Researchers at the Federal Reserve Bank of San Francisco examined major tariff changes from 1870 through 2020 across the United States, the United Kingdom, and France. Their conclusion challenges the conventional wisdom that dominated economic policy debates in recent years: when countries raise tariffs, prices actually fall, not rise.
“We find that a tariff hike raises unemployment and lowers inflation,” the authors, Régis Barnichon and Aayush Singh, write in their working paper released this month.”This goes against the predictions of standard models, whereby CPI inflation should go up in response to higher tariffs.”
The finding arrives at a politically charged moment. As the Trump administration has implemented tariff increases averaging 18 percent on U.S. imports in 2025, mainstream economists warned of a significant inflationary spiral.
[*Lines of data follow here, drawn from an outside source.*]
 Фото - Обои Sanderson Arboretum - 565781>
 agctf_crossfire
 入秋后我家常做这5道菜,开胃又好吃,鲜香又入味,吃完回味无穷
The Federal Reserve officials have repeatedly said they have hesitated to cut interest rates because they expect tariffs to push up prices.
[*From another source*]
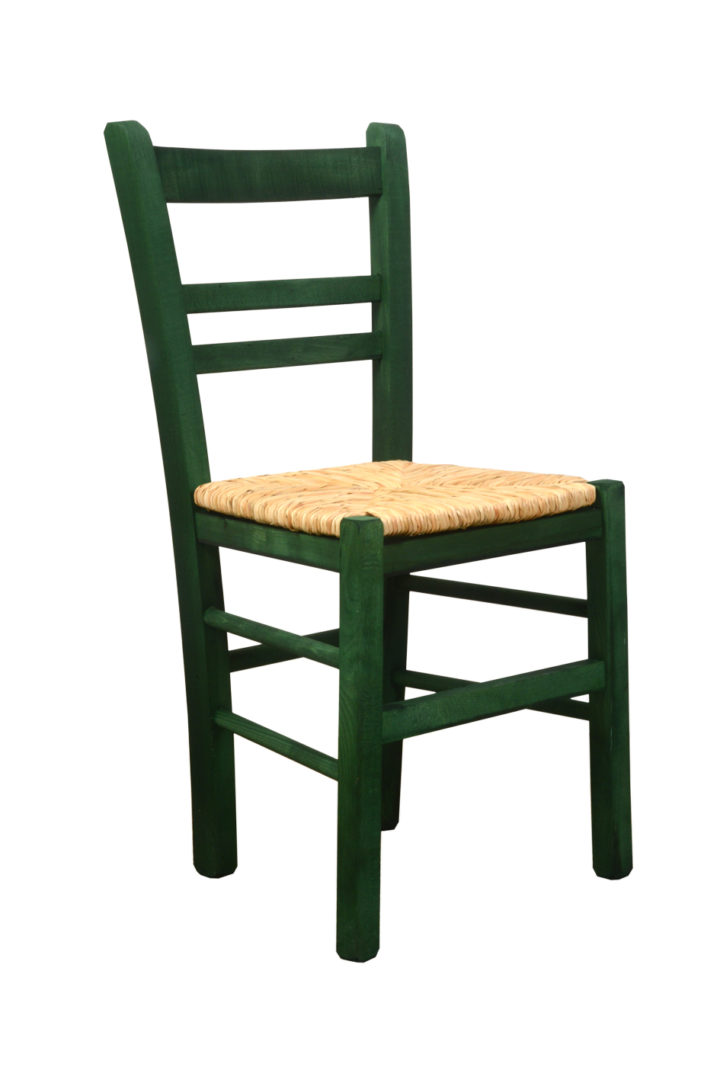 Καρέκλες εστιατορίου 505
More recently, several Fed officials have said that they think the central bank should not cut interest rates further due to what they believed would be inflationary pressures from tariffs.
But the historical evidence suggests those concerns may have rested on shaky theoretical foundations not backed by evidence.
The Tarifflation Story Was Upside Down
The researchers’ approach was ingenious. Rather than trying to parse recent decades of limited tariff variation, they exploited massive swings in tariff policy across centuries, using these shifts as a natural experiment to understand cause and effect.
The key insight came from American political history. Throughout the 19th century and into the 1930s, Republicans and Democrats held fundamentally opposite views about tariffs. Republicans, representing industrial interests in the North, favored high tariffs for protection. Democrats, representing the agricultural South, opposed them as harmful to farmers and consumers.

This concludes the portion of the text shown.